TASK TO COMPLETE —
Repeat the entries exactly. Leave nothing out.

Short web captions:

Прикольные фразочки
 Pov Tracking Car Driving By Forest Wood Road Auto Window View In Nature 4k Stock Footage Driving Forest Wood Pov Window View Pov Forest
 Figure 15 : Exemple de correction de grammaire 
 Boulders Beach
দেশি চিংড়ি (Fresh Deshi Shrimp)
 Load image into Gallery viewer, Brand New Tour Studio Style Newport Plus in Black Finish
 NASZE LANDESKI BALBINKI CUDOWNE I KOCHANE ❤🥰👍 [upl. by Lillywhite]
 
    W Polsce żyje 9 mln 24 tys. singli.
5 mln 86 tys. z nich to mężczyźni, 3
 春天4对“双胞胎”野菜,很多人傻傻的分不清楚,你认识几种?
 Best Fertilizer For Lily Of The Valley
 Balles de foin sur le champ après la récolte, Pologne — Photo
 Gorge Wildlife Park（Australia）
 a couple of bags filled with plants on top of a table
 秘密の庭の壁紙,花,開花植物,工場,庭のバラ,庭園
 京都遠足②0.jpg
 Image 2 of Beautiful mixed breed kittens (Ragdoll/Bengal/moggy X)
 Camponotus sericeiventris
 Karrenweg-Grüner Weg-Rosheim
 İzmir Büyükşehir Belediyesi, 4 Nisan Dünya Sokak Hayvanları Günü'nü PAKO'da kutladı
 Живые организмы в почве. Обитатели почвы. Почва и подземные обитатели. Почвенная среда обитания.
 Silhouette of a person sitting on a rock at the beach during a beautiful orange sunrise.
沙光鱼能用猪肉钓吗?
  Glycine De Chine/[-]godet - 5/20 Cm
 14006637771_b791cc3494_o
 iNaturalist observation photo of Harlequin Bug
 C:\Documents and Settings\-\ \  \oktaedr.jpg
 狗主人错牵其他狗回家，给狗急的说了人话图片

FINAL ANSWER —
Прикольные фразочки
 Pov Tracking Car Driving By Forest Wood Road Auto Window View In Nature 4k Stock Footage Driving Forest Wood Pov Window View Pov Forest
 Figure 15 : Exemple de correction de grammaire 
 Boulders Beach
দেশি চিংড়ি (Fresh Deshi Shrimp)
 Load image into Gallery viewer, Brand New Tour Studio Style Newport Plus in Black Finish
 NASZE LANDESKI BALBINKI CUDOWNE I KOCHANE ❤🥰👍 [upl. by Lillywhite]
 
    W Polsce żyje 9 mln 24 tys. singli.
5 mln 86 tys. z nich to mężczyźni, 3
 春天4对“双胞胎”野菜,很多人傻傻的分不清楚,你认识几种?
 Best Fertilizer For Lily Of The Valley
 Balles de foin sur le champ après la récolte, Pologne — Photo
 Gorge Wildlife Park（Australia）
 a couple of bags filled with plants on top of a table
 秘密の庭の壁紙,花,開花植物,工場,庭のバラ,庭園
 京都遠足②0.jpg
 Image 2 of Beautiful mixed breed kittens (Ragdoll/Bengal/moggy X)
 Camponotus sericeiventris
 Karrenweg-Grüner Weg-Rosheim
 İzmir Büyükşehir Belediyesi, 4 Nisan Dünya Sokak Hayvanları Günü'nü PAKO'da kutladı
 Живые организмы в почве. Обитатели почвы. Почва и подземные обитатели. Почвенная среда обитания.
 Silhouette of a person sitting on a rock at the beach during a beautiful orange sunrise.
沙光鱼能用猪肉钓吗?
  Glycine De Chine/[-]godet - 5/20 Cm
 14006637771_b791cc3494_o
 iNaturalist observation photo of Harlequin Bug
 C:\Documents and Settings\-\ \  \oktaedr.jpg
 狗主人错牵其他狗回家，给狗急的说了人话图片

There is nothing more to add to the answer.